*Extracted records:*

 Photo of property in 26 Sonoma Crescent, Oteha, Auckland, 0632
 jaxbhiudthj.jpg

--

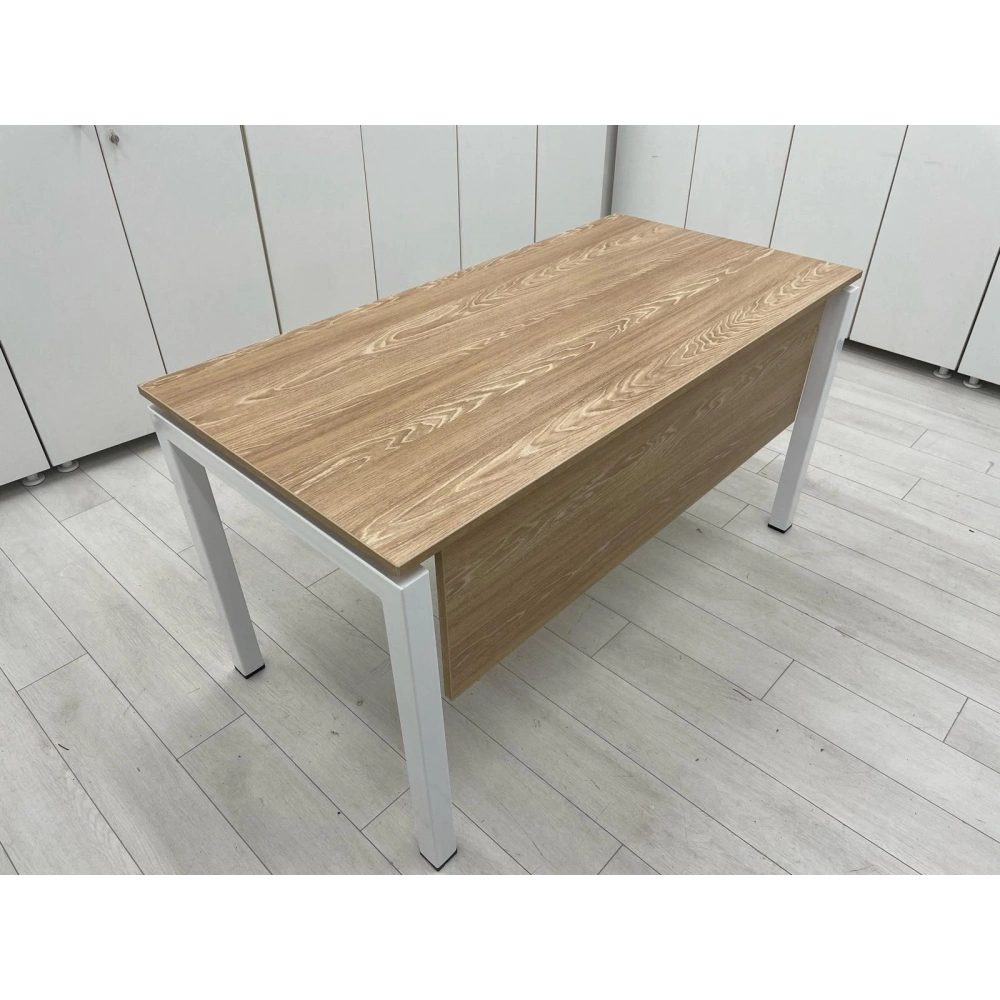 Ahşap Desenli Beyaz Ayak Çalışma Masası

*To do:* In the listing above, find the line containing "Photo of property" and the line containing "jaxbhiudthj.jpg", then quote both, plus every line between them, exactly as written.

*Result for this exercise:*
 Photo of property in 26 Sonoma Crescent, Oteha, Auckland, 0632
 jaxbhiudthj.jpg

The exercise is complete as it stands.